Yunus Emre’s divan found in Vatican archives
A new divan of Yunus Emre, one of the most important figures of Turkish-Islamic folk thought, has come to light in the digital inscriptions shared by the Vatican Library over the internet.
Himmet Büke, an academic from Mehmet Akif Ersoy University, identified a new divan, which contains nearly 200 poems, among the digital collections of Turkish manuscripts shared by the Vatican Library.
Büke shared his findings at the meeting of the International Yunus Emre and World Language Turkish Information Festival.
He stressed that the divan has not surfaced and has not been examined before.
Noting that the inscription was copied about 400 years ago, the academic stated that there were nearly 200 poems in the work consisting of 196 leaves.

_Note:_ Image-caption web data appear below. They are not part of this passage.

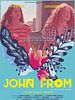 Pôster de John From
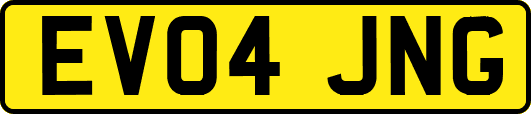 EV04JNG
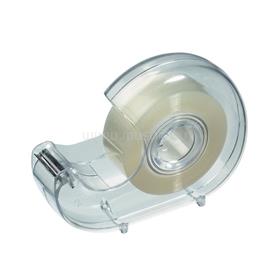 HERLITZ 19mmx33m tépős ragasztószalag HERLITZ_10509354 small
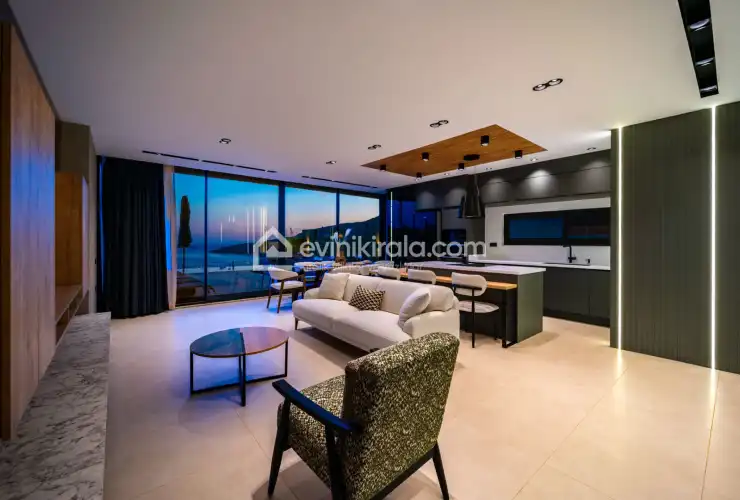 villa-aura-d-33-4566.jpg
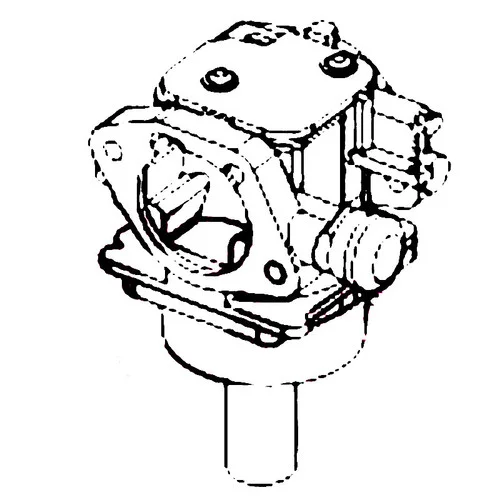smallenginesprodealer-120260121212711629314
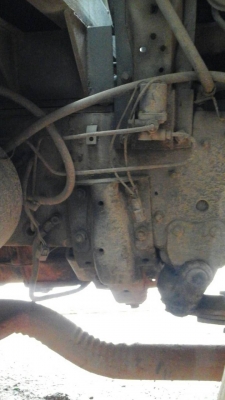 ขายดาวน์ สิบล้อ มิตซู FUSO FN 527M TG 220แรง10 สปีค 2 เพา สภาพดีสวยบางเดิมพร้อมใช้งาน (ทำเอกสาร เปลี่ยนสัญญา เช้า-ซื้อ วางดาวน์ ) รับรถกลับบ้านได้เลย ครับท่าน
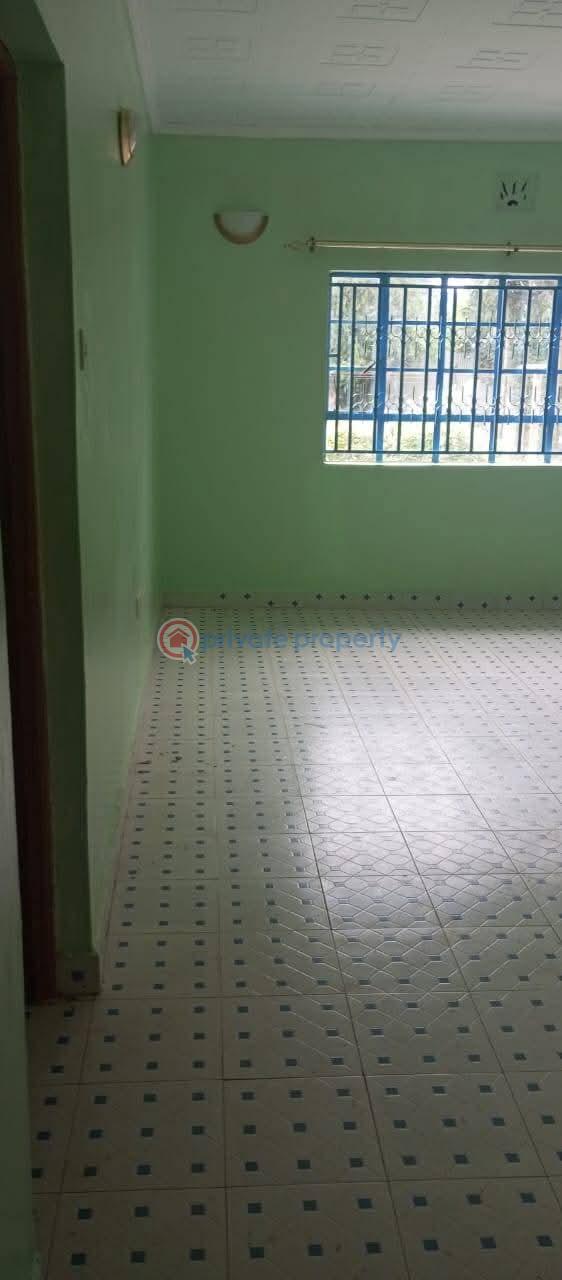 4 bedroom House For Rent Gikambura Kikuyu Kiambu - 27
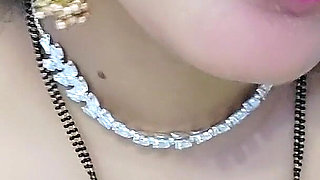 The Maid Put the Broom in the, the Itchy Sweets of the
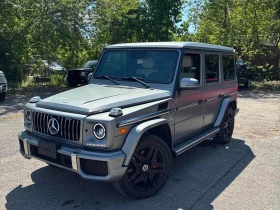 ������ Mercedes-Benz X-Klas...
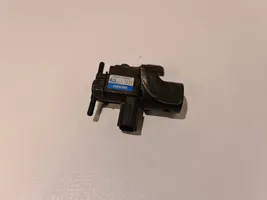 Honda CR-V Turbo solenoid valve 1013624700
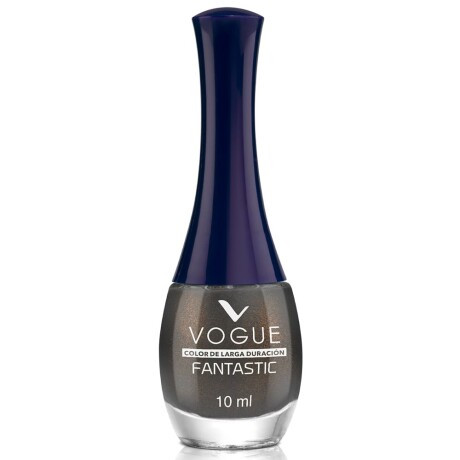 VOGUE ESMALTE SABIDURÍA 10ML VOGUE ESMALTE SABIDURÍA 10ML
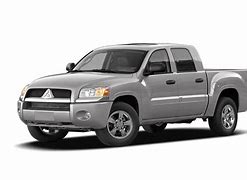 Image result for Mitsubishi Raider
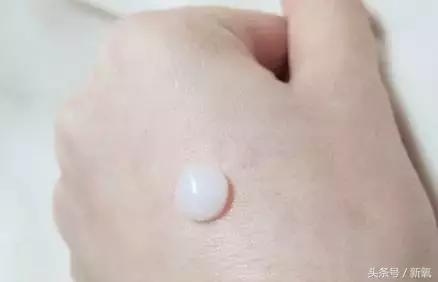 8款老牌良心国货,国货精华贵妇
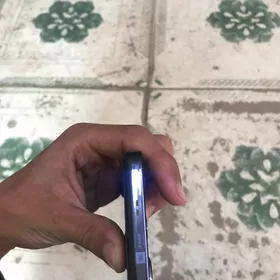 infinix not 30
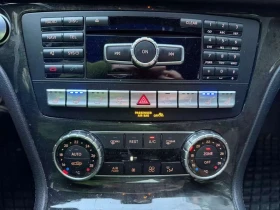 Mercedes-Benz SL | Mobile.bg � ����� ������ 11
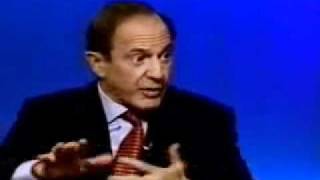 The McLaughlin Group 03/02/07.wmv
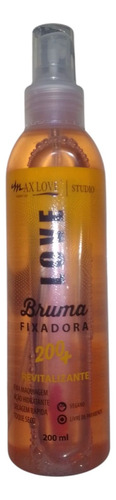 Kit Skincare Vitamina C 4 Itens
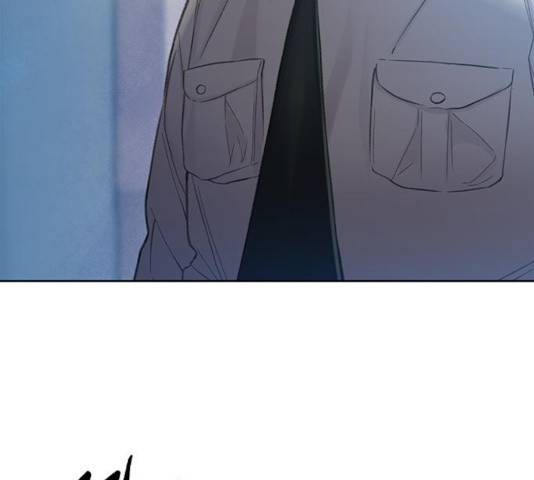 삼매경 29화 22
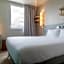 ibis budget Paris Gennevilliers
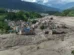 Sobe para 472 número de mortos devido à enxurrada na fronteira Nepal-Tibete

“While the poems are compatible with the Old Anatolian Turkish, they also contain archaic elements,” Büke noted.
There are two works of Emre, “Risâletü’n-Nushiyye,” written in 1307, and “Divan,” composed of his poems compiled by his lovers after his death.
The great Sufi thinker and folk poet is considered one of the spiritual architects of Anatolia.
The year 2021 was declared by UNESCO as “the Yunus Emre Year” to commemorate the 750th birth anniversary of the great Turkish Muslim mystic.